Survey data show that subjects positively discount both gains and losses but discount gains more heavily than losses. This holds for monetary and non-monetary outcomes. These results do not confirm the findings of two earlier studies [L87,LP91] about negative time preferences for non-monetary outcomes. … We increased sample size to 190 and also looked at median instead of mean answers. L87 involved 30 US undergraduates and LP91 involved 95 Harvard undergraduates. L87 and LP91 conducted their study in the US while this study was conducted in Italy. In the about 20-years period between the original experiments and our study, we have not found a published replication of it. (more)
Perhaps we are more loss-averse in far mode. Could this help explain why folks focus so much on the possible negative consequences of future technologies?
I agree with gwern. I think one problem with global warming conversations is that if we imagine the world 100 years from now, it's easy to imagine droughts, floods, and displacements. We have experience with those things. But, it's impossible to imagine a world where the median income is $250,000. The bad stuff has been around for centuries, but the good stuff isn't even in our imagination.
You need to discriminate here in what you mean by 'risks of future technologies'. Some risks are very obviously risks. Runaway nanotechnology, democratized genetic engineering, conscious, self-replicating AI. No matter how you cut it, these technologies represent real danger, where insight into how we assess risk does not change the reality of the risk.
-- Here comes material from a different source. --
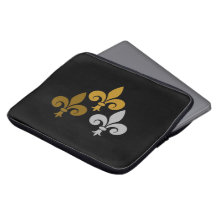Fleur de Lys Electronics Bag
Focusing on them seems to come more from a survival instinct than a mishap in our perceptual lens. We actually need to be more worried about future nanotech than perhaps we are.
However, for those more subtle, more subjective 'risks' that future technologies present (risk of losing some important 'human' connection with one another that sustains community because in the future we will meet less and less in the flesh, for instance), I would agree with what you have written. This is a nice way to explain the persistence of pessimism with regards to future tech in the face of evidnce that the future will be better than past, as discussed by Matt Ridley in 'The Rational Optimist'. Here one might argue that we are motivated by 'preservation', in some ways, too. Where the issue is also in part an instinctual reaction to change.